─── INPUT DATA ───

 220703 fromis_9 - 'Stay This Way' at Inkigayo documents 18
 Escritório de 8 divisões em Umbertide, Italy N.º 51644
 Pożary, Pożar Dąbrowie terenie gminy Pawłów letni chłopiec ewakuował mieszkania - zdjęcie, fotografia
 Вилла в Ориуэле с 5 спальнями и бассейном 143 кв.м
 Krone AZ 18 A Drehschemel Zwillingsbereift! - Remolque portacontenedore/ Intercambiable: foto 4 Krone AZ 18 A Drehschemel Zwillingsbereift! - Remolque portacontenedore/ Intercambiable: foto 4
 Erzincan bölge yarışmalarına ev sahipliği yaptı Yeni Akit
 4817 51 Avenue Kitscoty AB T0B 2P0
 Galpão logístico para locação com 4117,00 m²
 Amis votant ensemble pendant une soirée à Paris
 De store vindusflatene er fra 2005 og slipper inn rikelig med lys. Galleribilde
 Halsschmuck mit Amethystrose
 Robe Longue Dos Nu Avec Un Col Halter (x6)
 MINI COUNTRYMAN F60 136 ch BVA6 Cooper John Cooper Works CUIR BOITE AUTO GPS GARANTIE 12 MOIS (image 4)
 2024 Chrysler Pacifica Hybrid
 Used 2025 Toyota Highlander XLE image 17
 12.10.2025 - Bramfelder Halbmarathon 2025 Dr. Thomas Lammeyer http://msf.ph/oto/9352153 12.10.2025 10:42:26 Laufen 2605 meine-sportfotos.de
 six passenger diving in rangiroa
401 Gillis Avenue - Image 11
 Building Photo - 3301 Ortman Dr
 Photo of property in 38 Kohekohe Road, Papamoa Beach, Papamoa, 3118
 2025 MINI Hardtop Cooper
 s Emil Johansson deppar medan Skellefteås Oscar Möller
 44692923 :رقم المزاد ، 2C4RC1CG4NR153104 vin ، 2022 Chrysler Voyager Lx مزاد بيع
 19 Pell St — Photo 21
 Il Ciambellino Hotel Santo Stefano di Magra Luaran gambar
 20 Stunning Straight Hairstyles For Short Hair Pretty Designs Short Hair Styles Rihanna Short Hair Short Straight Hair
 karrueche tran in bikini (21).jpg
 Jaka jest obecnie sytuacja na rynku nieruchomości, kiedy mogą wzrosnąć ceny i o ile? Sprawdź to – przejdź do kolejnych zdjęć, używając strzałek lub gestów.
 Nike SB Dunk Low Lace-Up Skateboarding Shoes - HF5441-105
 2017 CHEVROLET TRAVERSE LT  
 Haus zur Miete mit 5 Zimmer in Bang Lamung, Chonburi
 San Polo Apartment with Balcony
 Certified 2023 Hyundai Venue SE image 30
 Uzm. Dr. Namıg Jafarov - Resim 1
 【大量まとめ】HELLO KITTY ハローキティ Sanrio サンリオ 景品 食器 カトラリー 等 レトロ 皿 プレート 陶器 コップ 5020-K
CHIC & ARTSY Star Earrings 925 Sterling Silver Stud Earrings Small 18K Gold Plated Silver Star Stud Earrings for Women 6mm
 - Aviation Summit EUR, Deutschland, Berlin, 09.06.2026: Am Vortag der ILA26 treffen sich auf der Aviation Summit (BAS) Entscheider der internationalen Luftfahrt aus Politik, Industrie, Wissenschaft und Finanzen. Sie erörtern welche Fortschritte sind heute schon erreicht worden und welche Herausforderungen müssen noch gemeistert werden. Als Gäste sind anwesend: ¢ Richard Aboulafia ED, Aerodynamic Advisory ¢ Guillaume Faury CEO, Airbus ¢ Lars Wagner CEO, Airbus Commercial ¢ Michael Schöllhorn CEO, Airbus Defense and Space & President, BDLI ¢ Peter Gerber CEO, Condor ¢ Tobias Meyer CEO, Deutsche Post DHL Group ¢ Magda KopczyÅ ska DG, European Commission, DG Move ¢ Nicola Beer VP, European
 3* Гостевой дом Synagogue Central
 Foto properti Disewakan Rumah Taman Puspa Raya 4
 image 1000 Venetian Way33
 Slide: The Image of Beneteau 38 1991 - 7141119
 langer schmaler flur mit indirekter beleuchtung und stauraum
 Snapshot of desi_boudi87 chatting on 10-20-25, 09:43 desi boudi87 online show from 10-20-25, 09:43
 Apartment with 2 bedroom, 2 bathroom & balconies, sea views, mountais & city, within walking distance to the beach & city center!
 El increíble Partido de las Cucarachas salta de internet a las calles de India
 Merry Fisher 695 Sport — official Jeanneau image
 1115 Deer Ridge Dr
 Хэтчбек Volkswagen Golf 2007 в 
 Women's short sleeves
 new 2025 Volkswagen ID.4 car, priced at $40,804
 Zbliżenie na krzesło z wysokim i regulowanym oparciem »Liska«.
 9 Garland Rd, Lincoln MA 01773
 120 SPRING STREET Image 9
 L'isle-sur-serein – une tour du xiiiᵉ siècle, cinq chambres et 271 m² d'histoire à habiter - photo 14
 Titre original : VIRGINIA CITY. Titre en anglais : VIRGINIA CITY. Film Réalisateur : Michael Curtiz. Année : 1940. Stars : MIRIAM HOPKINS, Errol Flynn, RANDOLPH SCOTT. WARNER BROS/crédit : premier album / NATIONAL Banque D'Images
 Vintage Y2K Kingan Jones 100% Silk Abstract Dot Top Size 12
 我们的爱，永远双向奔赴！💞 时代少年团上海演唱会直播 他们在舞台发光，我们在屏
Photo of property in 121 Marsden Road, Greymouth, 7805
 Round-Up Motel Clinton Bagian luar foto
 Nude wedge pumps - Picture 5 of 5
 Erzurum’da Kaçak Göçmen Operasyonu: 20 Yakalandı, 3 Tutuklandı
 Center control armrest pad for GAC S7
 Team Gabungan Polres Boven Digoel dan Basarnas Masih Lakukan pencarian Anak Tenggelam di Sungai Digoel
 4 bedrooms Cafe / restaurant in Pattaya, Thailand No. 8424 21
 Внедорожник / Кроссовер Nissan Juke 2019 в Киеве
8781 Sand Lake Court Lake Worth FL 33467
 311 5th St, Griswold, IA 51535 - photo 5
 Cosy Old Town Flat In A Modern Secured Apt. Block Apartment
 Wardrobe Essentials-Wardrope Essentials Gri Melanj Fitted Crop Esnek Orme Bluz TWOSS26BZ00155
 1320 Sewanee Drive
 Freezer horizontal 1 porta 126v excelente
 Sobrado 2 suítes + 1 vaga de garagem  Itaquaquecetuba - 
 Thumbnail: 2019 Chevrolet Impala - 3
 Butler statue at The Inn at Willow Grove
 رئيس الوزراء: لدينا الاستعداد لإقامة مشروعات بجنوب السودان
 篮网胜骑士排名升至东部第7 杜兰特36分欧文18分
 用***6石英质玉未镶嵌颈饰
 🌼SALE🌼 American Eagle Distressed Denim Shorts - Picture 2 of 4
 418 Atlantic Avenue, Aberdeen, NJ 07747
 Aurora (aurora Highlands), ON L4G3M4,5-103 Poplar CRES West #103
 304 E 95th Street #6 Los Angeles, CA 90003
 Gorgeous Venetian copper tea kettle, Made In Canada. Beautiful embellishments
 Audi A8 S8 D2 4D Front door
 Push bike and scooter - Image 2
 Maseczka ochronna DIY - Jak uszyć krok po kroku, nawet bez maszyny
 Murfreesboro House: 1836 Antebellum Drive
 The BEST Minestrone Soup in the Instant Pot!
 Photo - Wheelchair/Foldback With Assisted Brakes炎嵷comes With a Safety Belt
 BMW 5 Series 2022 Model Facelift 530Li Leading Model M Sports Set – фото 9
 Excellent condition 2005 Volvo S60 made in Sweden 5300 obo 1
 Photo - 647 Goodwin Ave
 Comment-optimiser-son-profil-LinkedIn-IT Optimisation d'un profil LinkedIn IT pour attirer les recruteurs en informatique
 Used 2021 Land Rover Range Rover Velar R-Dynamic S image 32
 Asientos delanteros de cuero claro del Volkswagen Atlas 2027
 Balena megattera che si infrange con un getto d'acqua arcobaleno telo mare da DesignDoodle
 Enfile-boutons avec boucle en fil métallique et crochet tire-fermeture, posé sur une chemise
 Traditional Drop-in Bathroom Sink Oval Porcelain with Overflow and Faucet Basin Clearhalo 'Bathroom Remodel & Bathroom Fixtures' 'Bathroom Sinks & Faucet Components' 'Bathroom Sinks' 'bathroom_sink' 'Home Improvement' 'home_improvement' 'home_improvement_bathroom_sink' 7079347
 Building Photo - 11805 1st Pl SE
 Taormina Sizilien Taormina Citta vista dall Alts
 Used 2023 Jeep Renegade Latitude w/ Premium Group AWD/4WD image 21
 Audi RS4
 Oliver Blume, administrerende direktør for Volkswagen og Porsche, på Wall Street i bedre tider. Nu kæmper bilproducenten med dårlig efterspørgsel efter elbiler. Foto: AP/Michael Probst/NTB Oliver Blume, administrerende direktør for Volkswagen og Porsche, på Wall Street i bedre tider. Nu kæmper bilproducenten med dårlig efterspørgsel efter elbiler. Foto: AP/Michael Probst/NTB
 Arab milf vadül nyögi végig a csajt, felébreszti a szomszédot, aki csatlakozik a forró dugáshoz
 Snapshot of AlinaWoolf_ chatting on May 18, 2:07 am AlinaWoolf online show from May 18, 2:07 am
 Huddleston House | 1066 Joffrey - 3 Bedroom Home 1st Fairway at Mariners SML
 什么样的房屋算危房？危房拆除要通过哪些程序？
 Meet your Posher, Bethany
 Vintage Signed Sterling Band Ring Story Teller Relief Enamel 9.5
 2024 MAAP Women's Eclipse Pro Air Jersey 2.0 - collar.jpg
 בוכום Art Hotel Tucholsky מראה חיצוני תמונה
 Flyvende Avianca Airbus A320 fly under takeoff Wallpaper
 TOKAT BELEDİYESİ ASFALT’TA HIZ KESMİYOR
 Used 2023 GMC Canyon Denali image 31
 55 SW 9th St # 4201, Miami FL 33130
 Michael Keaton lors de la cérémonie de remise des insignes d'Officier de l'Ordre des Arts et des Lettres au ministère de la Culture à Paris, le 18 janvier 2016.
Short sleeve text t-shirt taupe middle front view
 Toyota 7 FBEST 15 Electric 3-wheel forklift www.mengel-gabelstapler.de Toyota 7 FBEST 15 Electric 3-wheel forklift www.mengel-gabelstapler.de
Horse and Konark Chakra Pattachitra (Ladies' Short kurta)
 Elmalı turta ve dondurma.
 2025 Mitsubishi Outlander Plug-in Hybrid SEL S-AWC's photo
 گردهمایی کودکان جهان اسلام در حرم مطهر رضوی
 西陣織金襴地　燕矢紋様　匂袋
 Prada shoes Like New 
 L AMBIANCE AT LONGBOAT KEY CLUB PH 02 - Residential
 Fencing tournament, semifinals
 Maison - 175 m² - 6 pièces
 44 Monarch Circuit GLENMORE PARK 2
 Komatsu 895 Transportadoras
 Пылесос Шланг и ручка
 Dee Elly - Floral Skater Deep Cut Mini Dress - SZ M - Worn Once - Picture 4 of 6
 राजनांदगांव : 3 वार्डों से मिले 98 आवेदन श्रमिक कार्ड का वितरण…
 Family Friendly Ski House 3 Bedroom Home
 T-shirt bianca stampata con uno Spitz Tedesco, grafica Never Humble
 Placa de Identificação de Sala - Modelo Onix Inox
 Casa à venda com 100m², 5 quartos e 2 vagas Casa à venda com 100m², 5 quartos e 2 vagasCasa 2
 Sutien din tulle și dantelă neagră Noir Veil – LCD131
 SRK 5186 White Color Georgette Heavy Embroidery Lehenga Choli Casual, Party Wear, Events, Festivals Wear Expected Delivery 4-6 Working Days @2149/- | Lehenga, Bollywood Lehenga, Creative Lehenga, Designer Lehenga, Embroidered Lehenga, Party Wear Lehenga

───

WHAT IS REQUIRED
Copy, from the material above, each line in which the string "Vintage" occurs.

SOLUTION FOR THIS TASK
 Vintage Y2K Kingan Jones 100% Silk Abstract Dot Top Size 12
 Vintage Signed Sterling Band Ring Story Teller Relief Enamel 9.5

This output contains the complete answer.